I was like, ‘All right, just kick the field goal. Don’t over-think it.’ So at the end of that, I just kicked the ball. It was very nerve-wracking.

Bailey Junior High kicker Alex Andrade

Barnett called a timeout before the Rams field goal team could snap the ball. It’s a tactic called icing the kicker. The idea is that the extra time thinking about an impending kick attempt might cause the kicker to waver in his confidence.

But Andrade took the extra time to regain his poise.

“I was like, ‘All right, just kick the field goal. Don’t over-think it,’” Andrade said. “So at the end of that, I just kicked the ball. It was very nerve-wracking.”

It was nerve-wracking for a moment, then it was glorious. The kick sailed through and Bailey, a feeder school for Arlington High, was the 16-14 winner and the 9-0 city champion.

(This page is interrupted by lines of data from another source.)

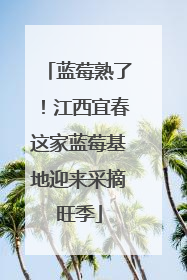 蓝莓熟了！江西宜春这家蓝莓基地迎来采摘旺季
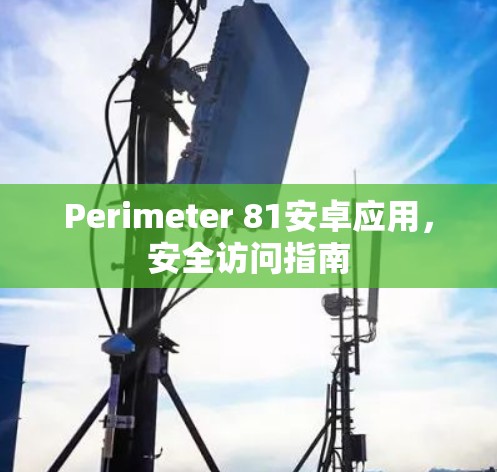 Perimeter 81安卓应用，安全访问指南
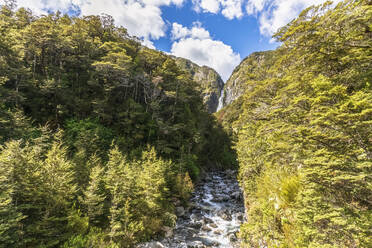 New Zealand, Selwyn District, Arthurs Pass, Green forest in front of Devils Punchbowl Waterfall - FOF11526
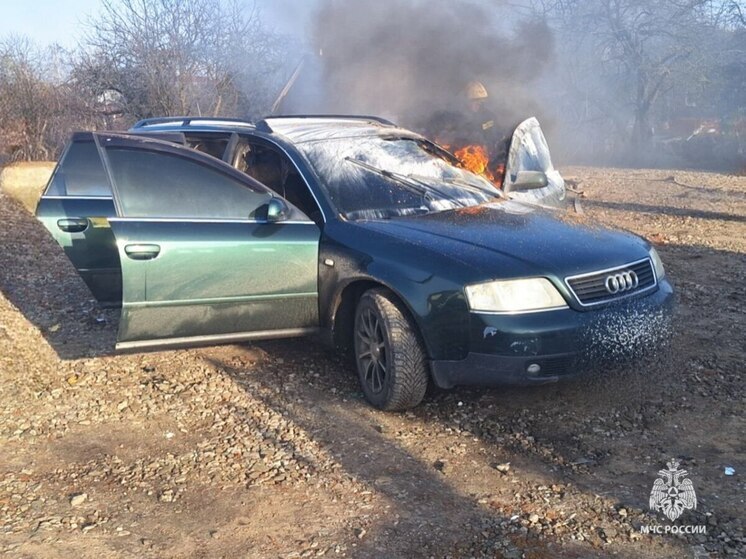 В брянском Сураже сгорел легковой автомобиль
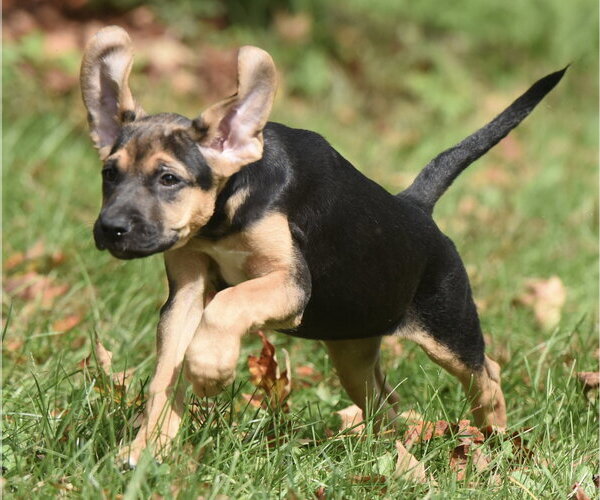 Medium Photo #12 Australian Shepherd-Unknown Mix Puppy For Sale in Mechanicsburg, PA, USA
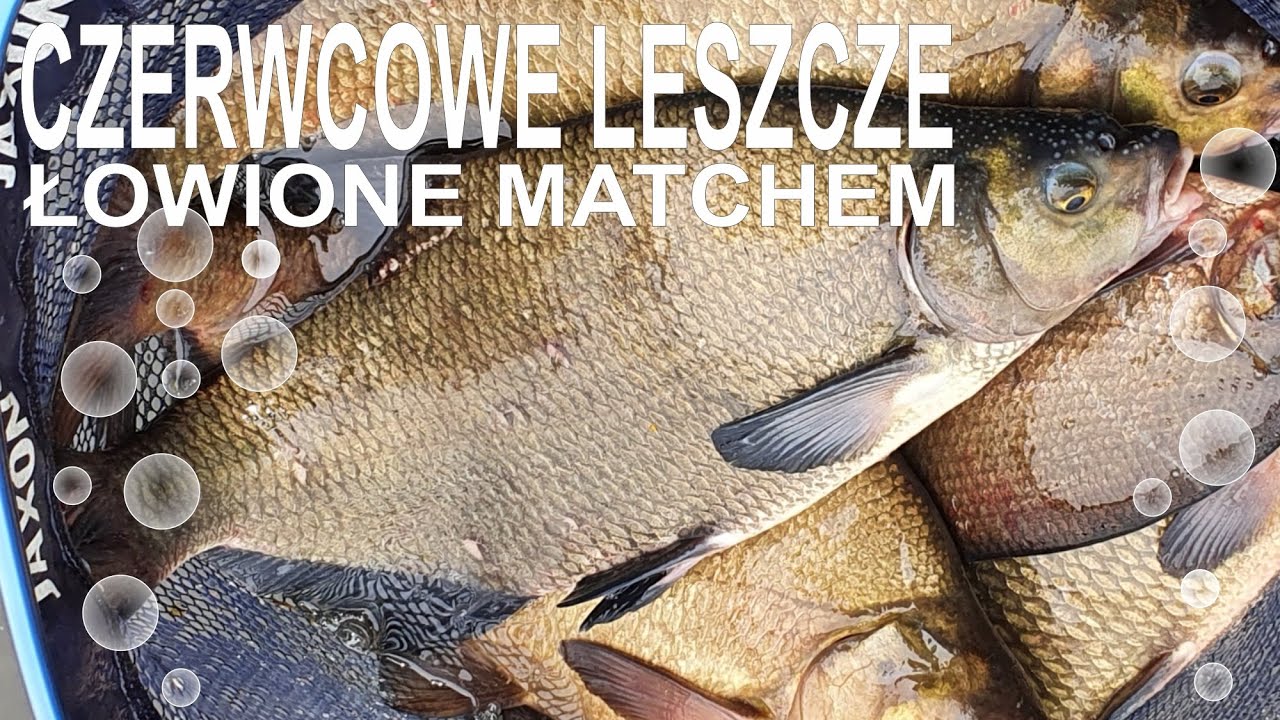 CZERWCOWE LESZCZE ŁOWIONE MATCHEM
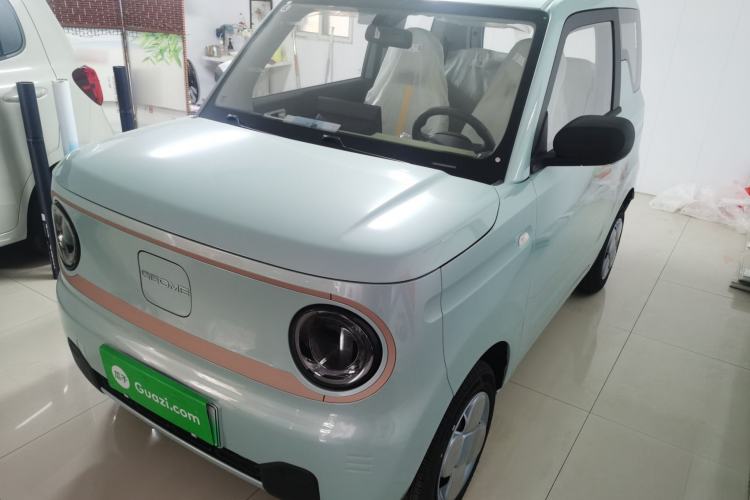 Used  Panda 2024 Panda Mini 200km Endurance Bear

“The game was amazing,” Lerma said. “These guys fought to the end.”

Before Andrade could kick the winning field goal, the Rams, as they did most of the game, had to make a defensive stand. Barnett, a Bowie feeder school, took a 14-13 with a touchdown early in the third quarter.

But middle linebacker Tyler Rousey and the Rams defense stuffed the Bears for the rest of the game. That stifling effort forced an interception with about two minutes left in the fourth quarter.

“I felt like we would stop them,” Rousey said.

Rodney Talton, the team’s starting running back and Brice’s cousin, helped move the offense into field goal range. An error by the chain crew made it appear to be fourth down with 14 seconds left.

Bailey was prepared to attempt a game-winning 37-yard kick at that point. But during a timeout, an official informed Lerma that it was, in fact, second down. The Rams decided to run another play and shorten the length of the field goal.

On the ensuing play, running back Garrett Gardner grinded out three yards. For Gardner, the winning drive actually felt a lot like practice. The Rams often practice the two-minute drill. In that scenario, the offense is tasked with moving down the field quickly and getting lined up for a winning kick.

“This is it,” Gardner said. “This is two-minute drill. This is what we practice all the time.”

Gardner’s poise — and the three yards he gained with time winding down — helped set up the winning play. Andrade’s 34-yard kick was good, but if the try had been from 37 yards out, the outcome might have been different.

“The field goal went through with maybe just an extra yard,” Lerma said. “Getting those three extra yards was huge.”

It was the first city championship for Lerma, who has been head coach at Bailey for four seasons and on the staff for eight. His first eighth-grade group as head coach, which included Kyron White, who’s now a standout safety for Arlington, finished just short of a city title.

“I was always waiting for that next chance to prove that we run a good program here,” Lerma said.

The Bailey volleyball team also won the city championship this season.

Lerma considers his staff, which includes assistant coaches Clint Shaffer, Eric Hernandez, Mark Cooper and Pat Haubold, to be the best junior high coaches in the city, if not the metropolitan area. And the athletes he coached this season were just as rare, he said.

“You’ve got one of the smartest groups that we’ve had here at Bailey,” Lerma said.

The players have the same high regard for Lerma.

“Seventh grade is more trying to impress him. Now, eighth grade, he’s your friend and he’s your coach,” said offensive/defensive lineman Lucas Hernandez. “He’s hard on you, but he encourages you.”

The hard work paid off in the end in the form of a hard-earned city championship. “It’s probably one of the best moments of my life,” Andrade said.